§ What you have to do
Every record must be given again word for word; no picture belongs in the copy.
****
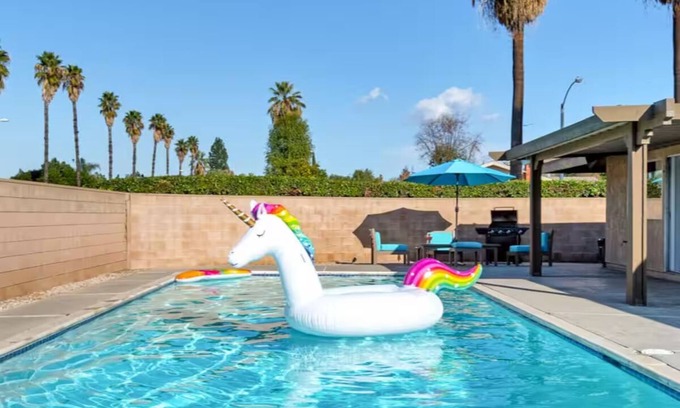Riverside House | Shalimars Serenity, Spacious Pool, Jacuzzi,Games, Massage Chair, Patio Furniture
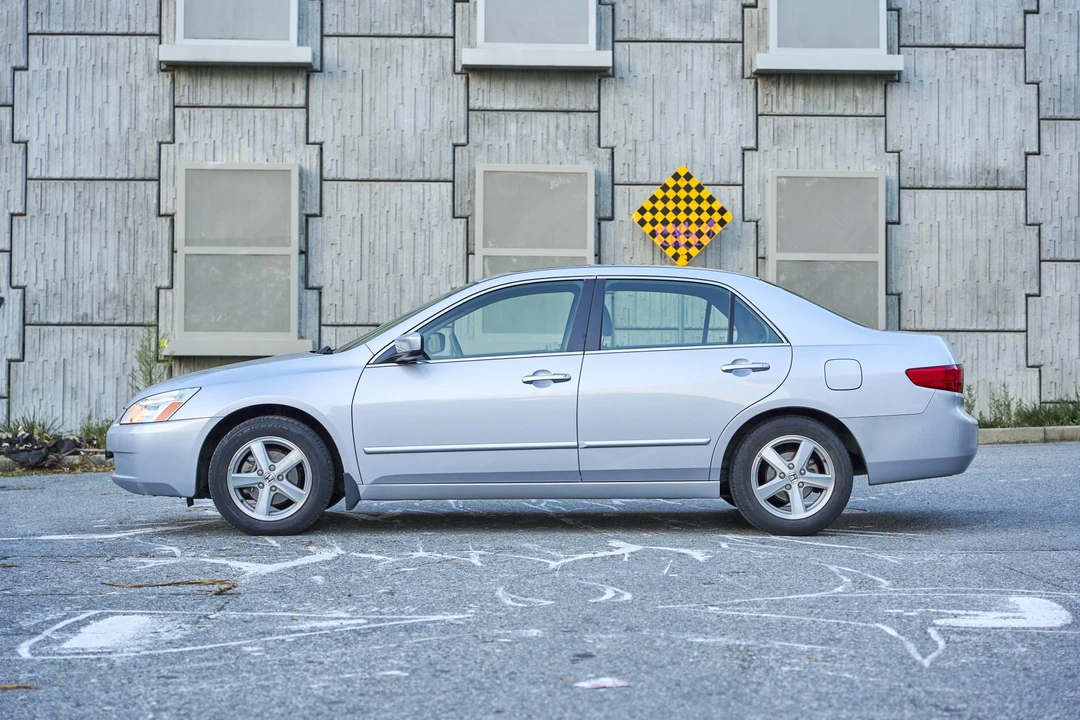2005 Honda Accord 7th Gen - Image 14 of 31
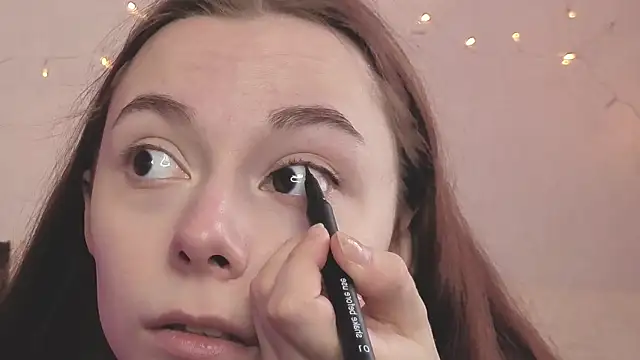 MissyLarde online show from April 7, 8:38 am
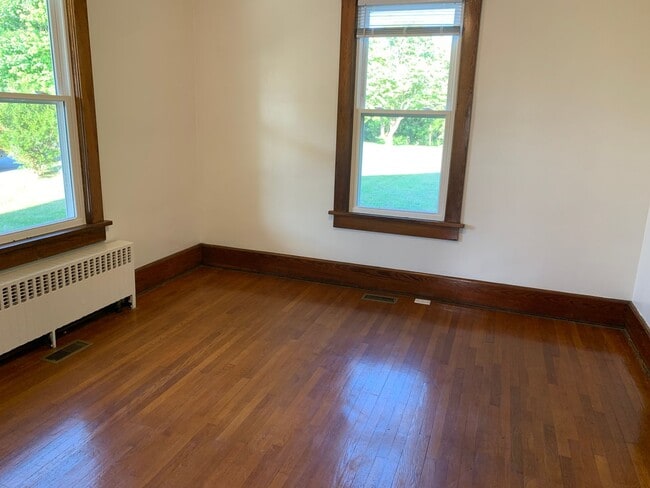 Building Photo - Charming Home with Large Backyard Near Radford University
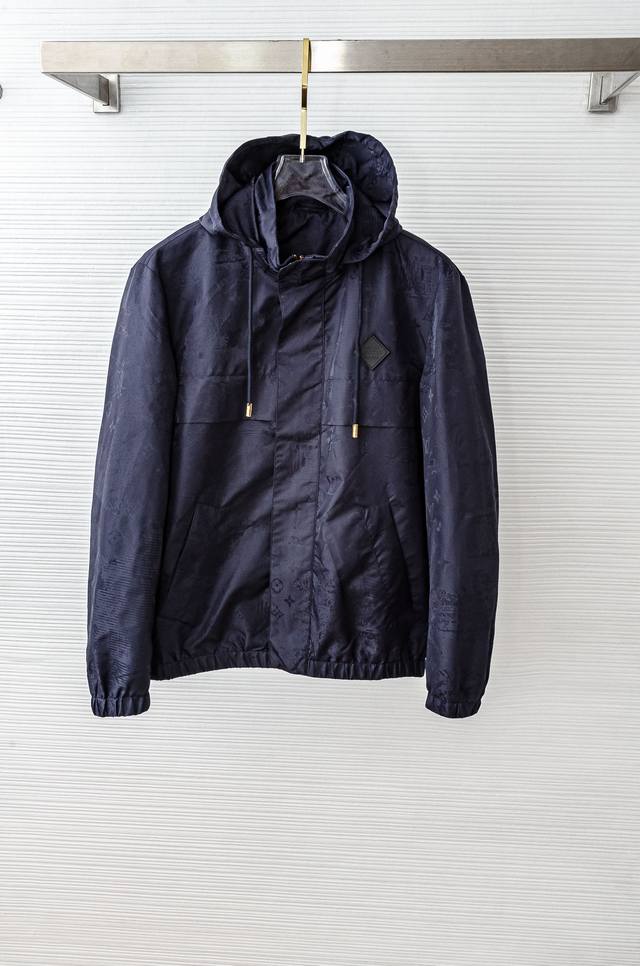 Lv 25Fw Men's Solid Color Hooded Jacket# This classic style incorporates the cur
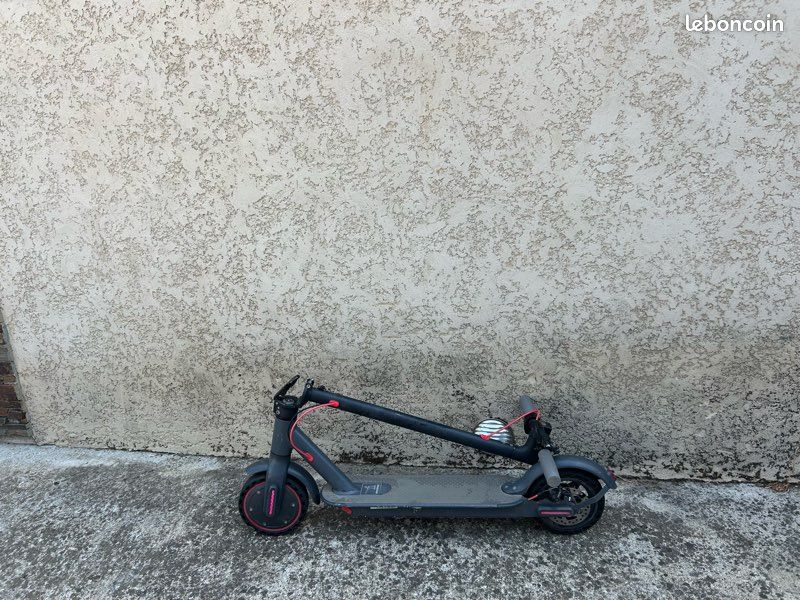 Trottinette électrique (image 1)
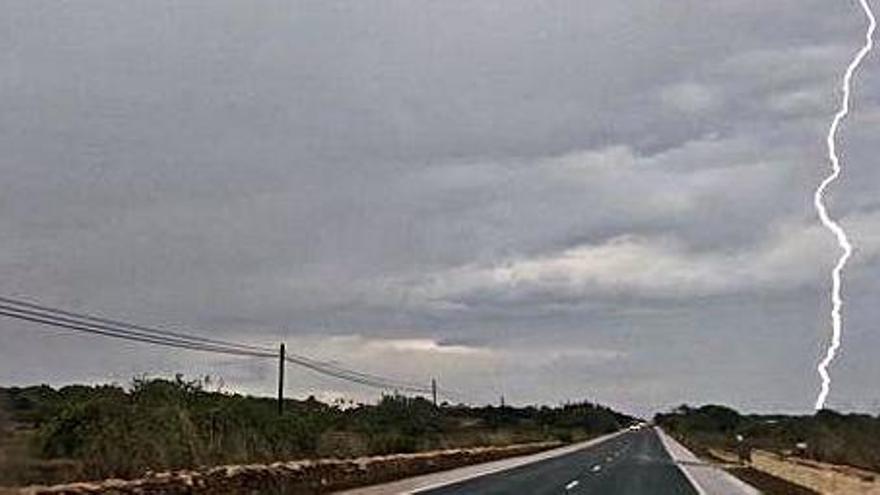 Un rayo cae sobre el campo de Formentera el pasado agosto.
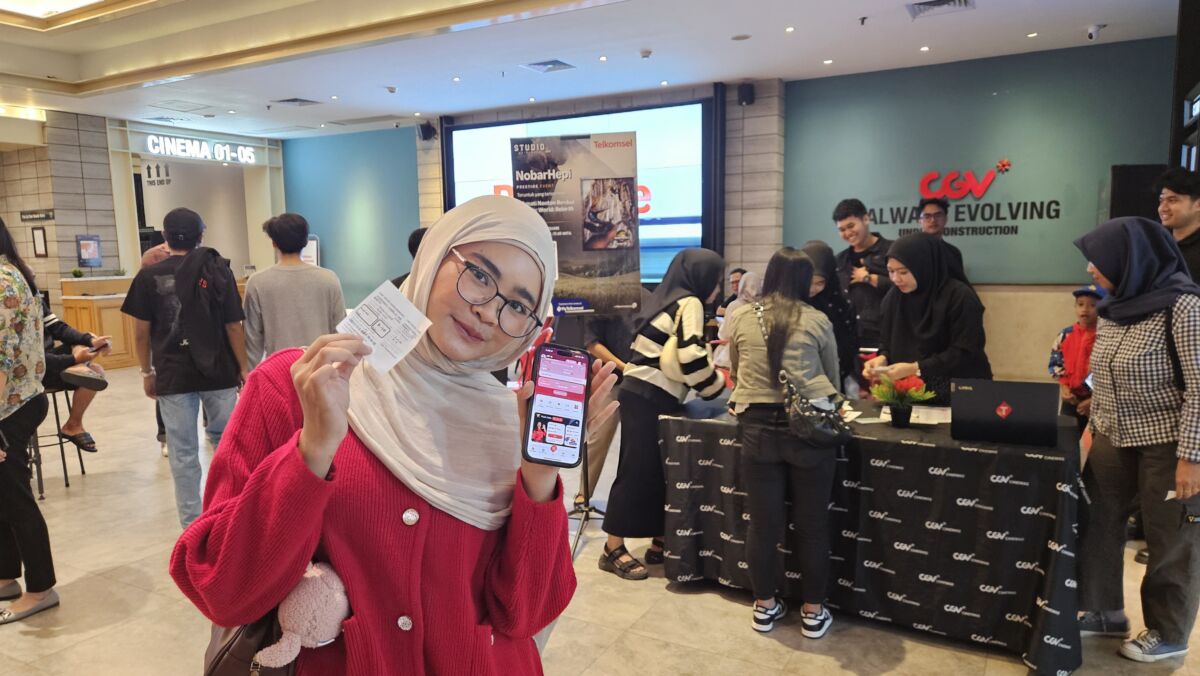 NOBAR HEPI -- Pelanggan setia Telkomsel yang ikut meramaikan Nobar Hepi bareng elkomsel di bioskop CGV.
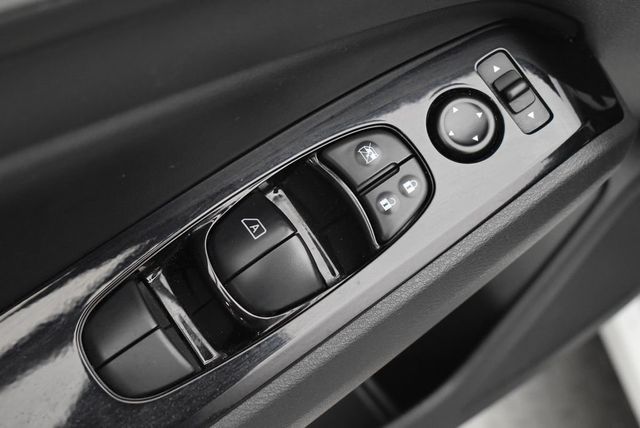 2024 Nissan Altima 2.5 SR Sedan - 22996398 - 11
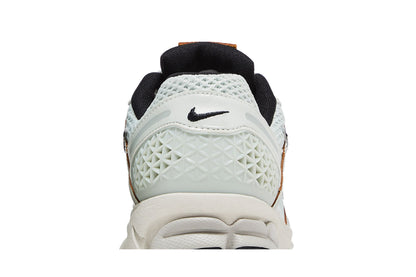 Nike Zoom Vomero 5 Light Silver Chrome (Women's) sneaker afbeelding 7 - stylecode FN6742-001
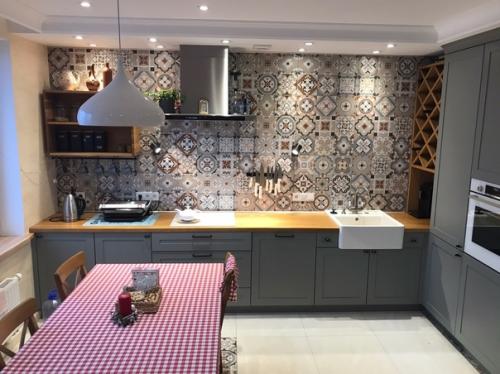 Кухня с акцентной стеной от подписчицы из москвы. 02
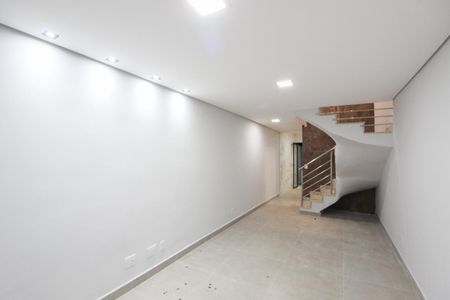 Sala de casa à venda com 2 quartos, 132m² em Copacabana, Belo Horizonte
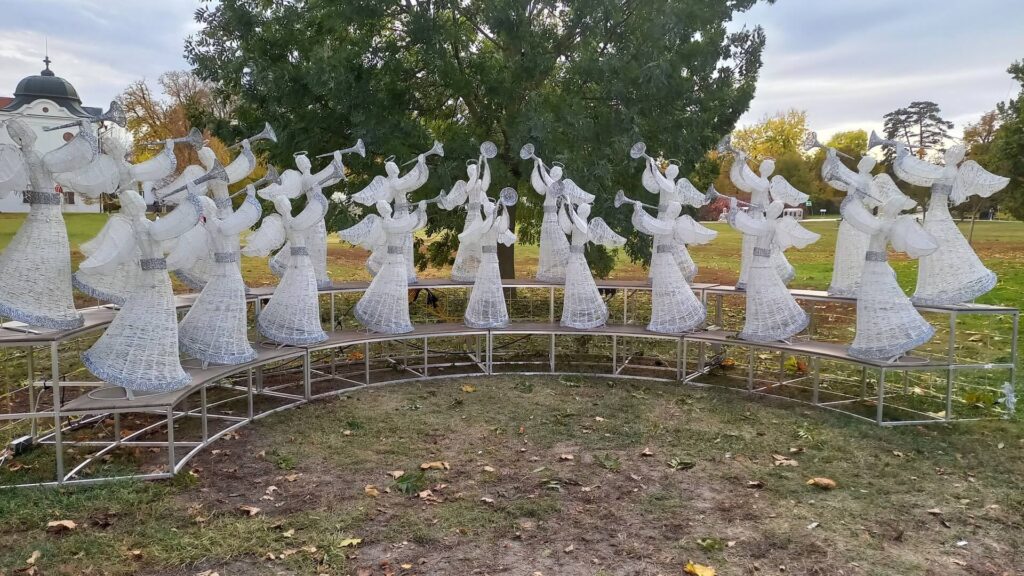 Kék Utazó - Gödöllői királyi kastélykert Fénypark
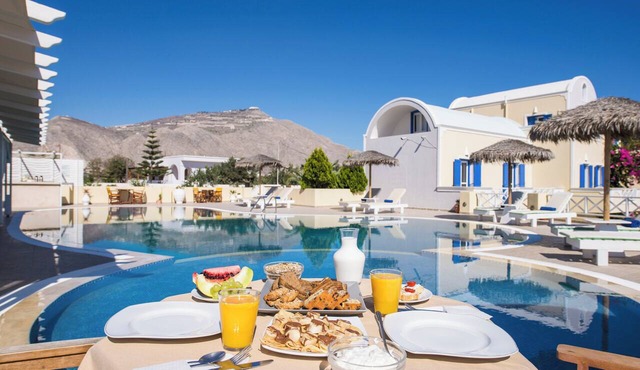 1- bed apt Near Black Beach-sleeps 4-parking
****
§ Exercise output
Riverside House | Shalimars Serenity, Spacious Pool, Jacuzzi,Games, Massage Chair, Patio Furniture
2005 Honda Accord 7th Gen - Image 14 of 31
 MissyLarde online show from April 7, 8:38 am
 Building Photo - Charming Home with Large Backyard Near Radford University
 Lv 25Fw Men's Solid Color Hooded Jacket# This classic style incorporates the cur
 Trottinette électrique (image 1)
 Un rayo cae sobre el campo de Formentera el pasado agosto.
 NOBAR HEPI -- Pelanggan setia Telkomsel yang ikut meramaikan Nobar Hepi bareng elkomsel di bioskop CGV.
 2024 Nissan Altima 2.5 SR Sedan - 22996398 - 11
 Nike Zoom Vomero 5 Light Silver Chrome (Women's) sneaker afbeelding 7 - stylecode FN6742-001
 Кухня с акцентной стеной от подписчицы из москвы. 02
 Sala de casa à venda com 2 quartos, 132m² em Copacabana, Belo Horizonte
 Kék Utazó - Gödöllői királyi kastélykert Fénypark
 1- bed apt Near Black Beach-sleeps 4-parking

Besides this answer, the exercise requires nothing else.